Why My Book Is Not Perfect — And Why That Matters
This morning, I printed my manuscript for the first time.
150 pages. Just over 35,000 words. I’ve never written anything close to this in a single document, and holding it in my hands this morning produced a kind of joy I wasn’t quite prepared for.
But that’s not what I want to talk about.
It took four takes to finally complete today’s video. The previous three weren’t quite right, and the last one was genuinely good until I got tongue-twisted at the end and didn’t say what I meant to say.
Which is, as it happens, exactly the point.
My book is not perfect. No book is. No leadership model is. If you believe there is a definitive leadership book that answers every question, accounts for every situation, and never needs revisiting, I’m not sorry to tell you: you are kidding yourself.

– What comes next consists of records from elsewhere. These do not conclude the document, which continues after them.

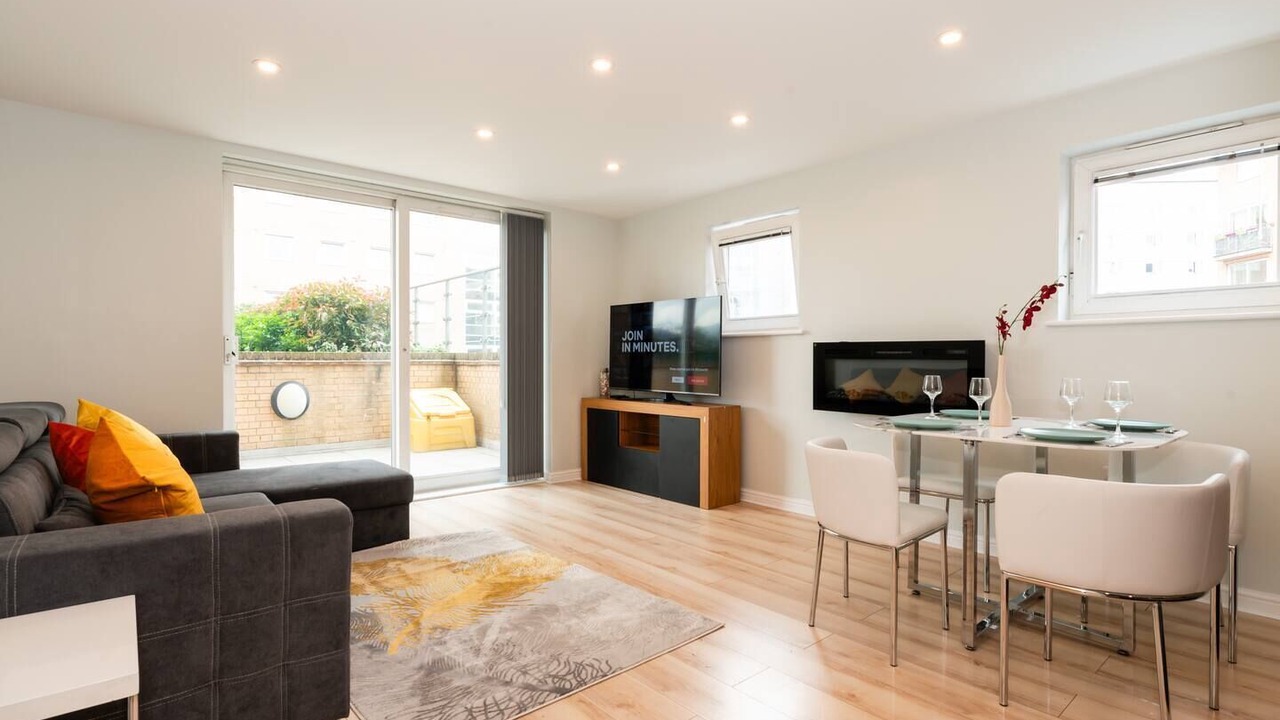 Photo of Livingroom in Feltham West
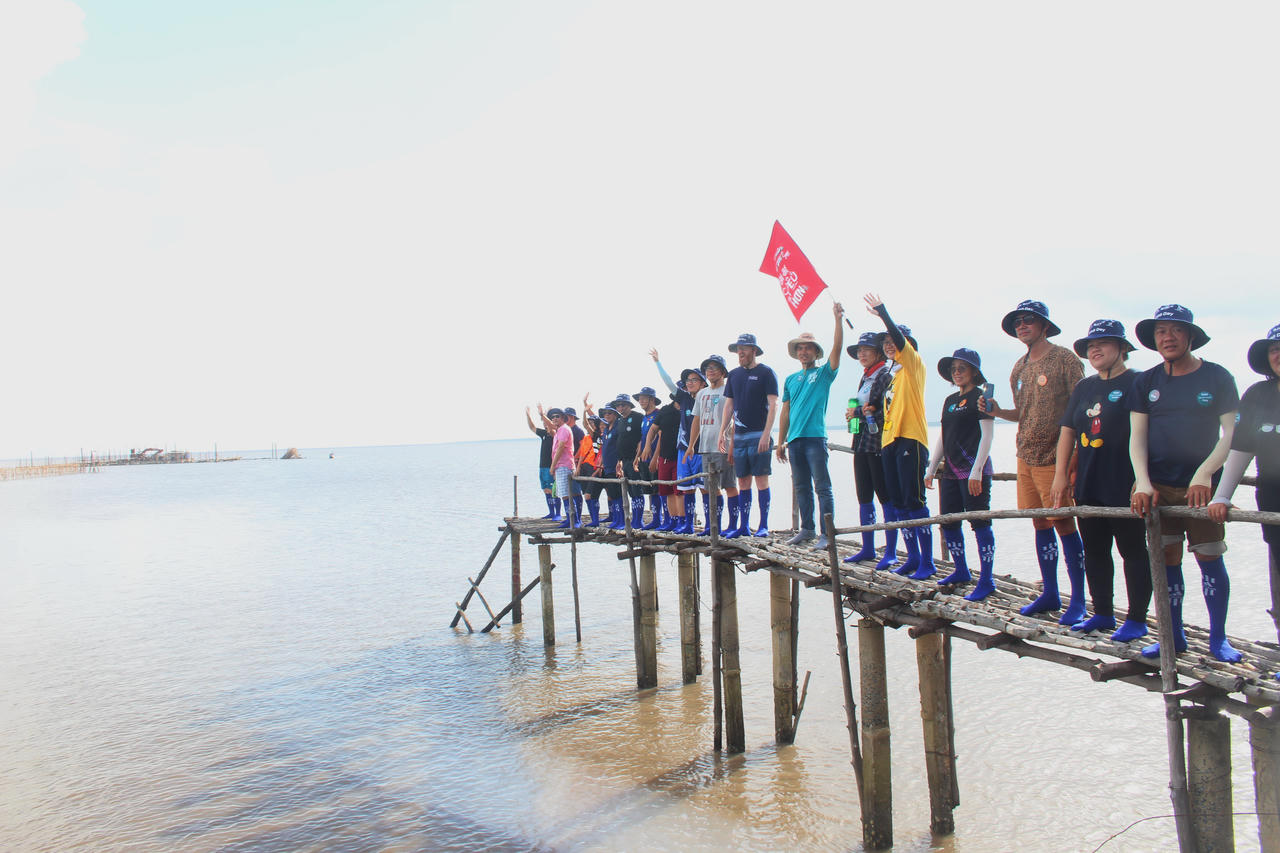 Đi vỏ lãi khám phá rừng Cà Mau 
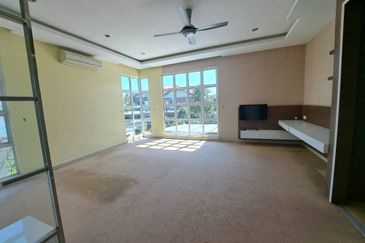 Jalan Sutera Chengal 6/8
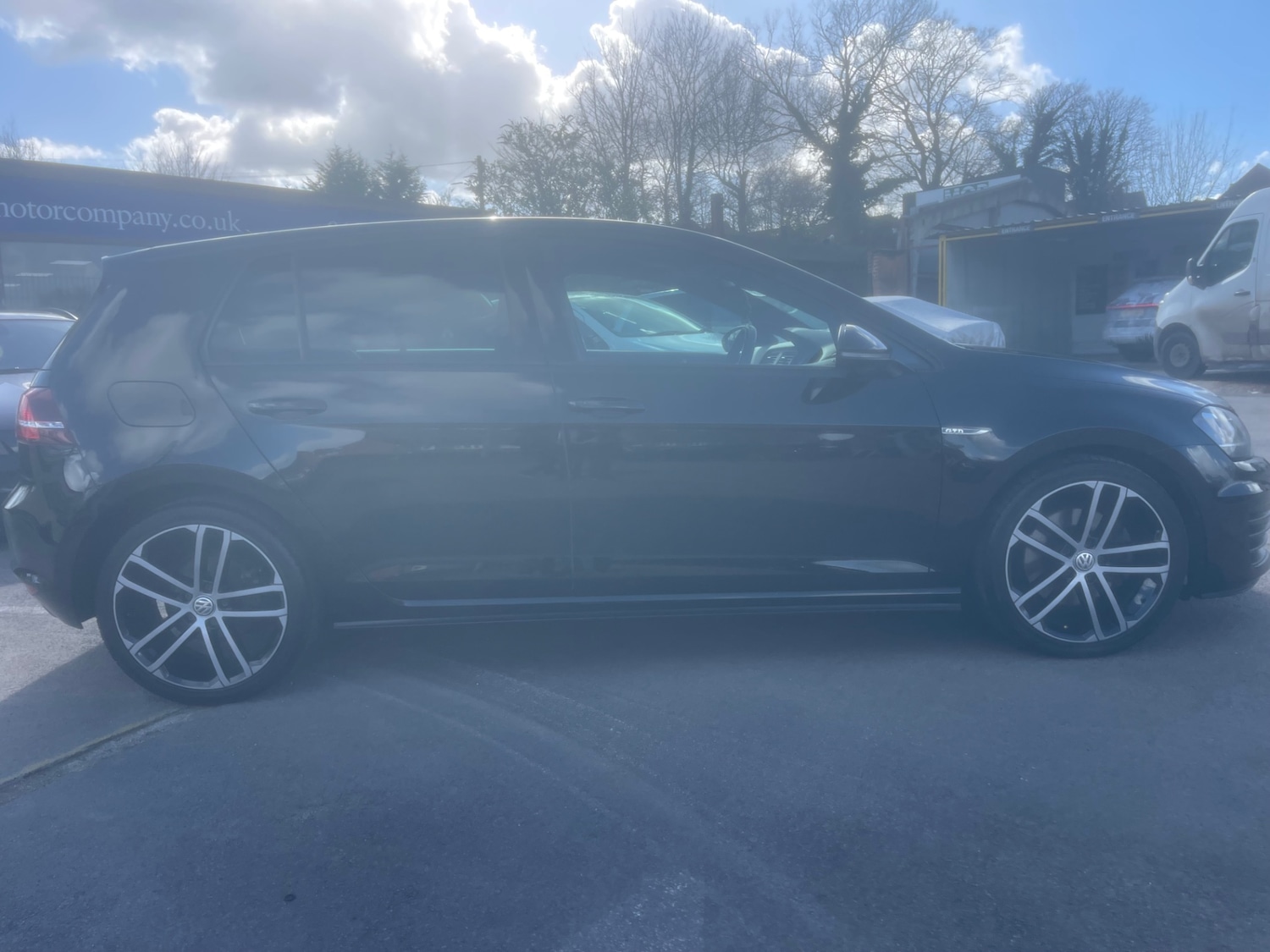 Used Volkswagen Golf 2016 for sale - 77896729: Photo 2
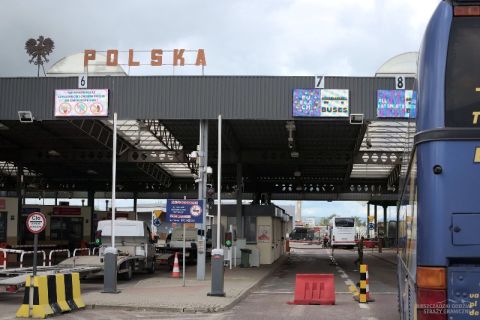 До Польщі прибуло п'ять мільйонів біженців з України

There is no definitive leadership book because leadership is not a fixed destination.
There is always a new environment, a new ethics, a new crisis, a new way of thinking. Everything influences how we show up and act. A book that claims to have the final word would never be finished being written.
What matters is not perfection. What matters is practice.
As queer and trans people, we have had a great deal of practice in self-discovery, whether we have fully embraced that, come out, and shown up visibly in spaces that haven’t made room for us. Showing up in spaces that weren’t built to include you takes courage, which, like everything else worth developing, is built through practice, not through getting it right the first time.
My book, Queering the Way: Navigating Leadership Ethics from the Margins, is structured around six principles that address how we lead most effectively — FEEL, KNOW, THINK, VOICE, DREAM, LEAD. Those principles are not a definitive checklist to complete. Instead, they are a living practice to return to when you hit a roadblock, when someone questions your leadership, or when you realize, in the middle of a conversation, that this is a learning moment.
Life is a series of learning moments.
How well we receive such moments, with flexibility, humility, and the willingness to practice anew rather than simply repeat, is what determines whether we transform or stay stuck.
Queer and trans people understand transformation in a way that most don’t. That understanding is precisely what this book aims to develop in you, as a leader, change-maker, or social entrepreneur so that you can show up most influentially in the world. I don’t mean in an algorithmic, social-media sense. Rather, in the sense of how well you connect with others, how well you can understand and feel what the other person is experiencing, and how effectively you build bridges — even when the other person doesn’t yet see you as their equal.
That is the hard work we are up against.
We cannot deny it or shy from it. Not all of us do it publicly. Some of us lead from behind the scenes, or by supporting those who are more visible. All of your work matters in representing queer and trans experience as part of the natural human fabric.
The book publishes on Wednesday, June 4th, 2026.